Aracılık: Birbirleri ile çok uzaktan ilişkisi olan olayları ve olguları bazı ortak özellikler bularak birbirine bağlama, birbirleri ile uzlaştırma yani gerekli çağrışım elemanlarının, ortak öğeleri aracılığı ile akla gelmesini sağlama çağrışımın işleyişi için son derece önemlidir (Arık, 1987).

35

Çağrışımcı kuramın eleştirilen yönü, eski idea ve birikimlerle bağlantılı olarak düşünülmesidir. Oysa yaratıcılık yeteneği, bilinenden ve kurulmuş bağıntılardan sıyrılıp, spontan ve yaratıcı bir edimle büsbütün yeni bağlantılar kurar. Yaratıcı edim, yeni bir şey meydana getirmekle kalmayıp, bilinen bir şeye indirgenemeyen, eski malzeme ile yeniden kurulamayan bir şeyler meydana getirir (Vexliard, 1966; Akt, Öncü, 1989).

2.2.3.5. Algısal Kuram

Ernest Schachtel; “Metamorphosis,1959” adlı kitabında algısal bir yaratıcı süreç kavramı geliştirdi. Ona göre yaratıcılık için, güdülenme, dış dünyayla ilişki kurma gereksiniminde yatar. Yaratıcılık, bir objeye değişik ve farklı görüş açılarından yaklaşabilmeye olanak sağlayan algısal bir açlıktan doğar. Bu algısal eylem geleneksel kurallar ile sınırlandırılamayacağı için de yeterince özgür, bunun sonucu olarak da özgündür (Sungur,1997).

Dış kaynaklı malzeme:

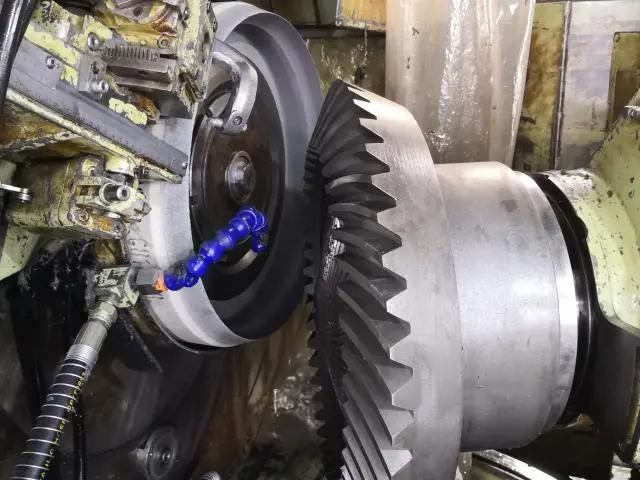 Spiral Bevel Gear Grinding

2.2.3.6. Bilişsel Gelişimsel Kuram

Bu kurama göre, bilmeye ve kavramaya ilişkin yaklaşımda yaratıcılık; eşanlamlı ve zıt anlamlı düşünülerek bilgileri düzenlemede akıcılık, problem çözmede esneklik ve iki durumda da meydana getirilen ürünlerdeki özgürlüktür (Guilford, 1968 ; Akt, Cengizhan, 1997). David Feldman bilişsel gelişimsel kuramı geliştirmiştir. Feldman, Piaget’in bilişel gelişim basamakları ile yaratıcı başarı arasında benzerlik kurmuştur. Bunlar:

 Çözüme tepki çoğu kez sürprizlerden biridir.

 Çözüm bir kez başarıldı mı, net bir şekilde görülür.

 Sorun üzerinde çalışmada genelde çözüme doğru çekilme duygusu yaşanır.

 Çözüm bir kez başarıldı mı önemini yitirir.

Bilişsel gelişim kuramına göre eğitimin amacı; icatçı, keşif yapabilen ve yaratıcı düşünebilen bireylerin yetiştirilmesidir. Piaget’ e göre ise eğitimin en temel

36

amacı; yeni şeyler yapma yeteneğine sahip bireyler yaratmaktır, bu bağlamda diğer kuşakların yaptıklarını tekrarlamaktan öteye geçemeyen bireyler değil; yaratıcı, icat edici, keşfedici insanlar yetiştirmektir. Eğitimin ikinci amacı ise eleştiren, doğruyu araştırabilen, sunulan her şeyi hemen kabul etmeyen beyinler oluşturmaktır (Piaget, 1964; Akt, Erdoğdu, 2005).

2.2.3.7. Faktöryalist Kuramı

Bu alandaki en önemli faktöriyalistler R.B. Cattel ve J. P. Guilford’dur. Faktöriyalizm belli uyarılara (soru listesi, zeka) tepki verme şeklinde iki basit karşılıklı ilişkiden söz etmektedir. Guildford yaptığı faktör analizi çalışmaları sonucunda zekayı oluşturan yüzlerce özelliği saptamış ve bunları temel faktörlere indirgeyerek ‘insan zekasının yapısı’ modelini ortaya koymuştur. Guildford’un zekayı açıklamak için geliştirdiği küp modelinde üç boyut yer almaktadır. Bu boyutlar işlemler, ürünler ve içeriktir. Zekânın işlemler boyutu, kazanılmış bilgileri ve belleği kapsamaktadır. Bunların verileri yakınsak ve ıraksak düşünce tarafından işlenmektedir. Guildford’a göre, yakınsak düşünce verimli ise de, yaratıcılığın dayandığı düşünme tarzı ıraksak düşünme tarzıdır (Dinçer, 1993).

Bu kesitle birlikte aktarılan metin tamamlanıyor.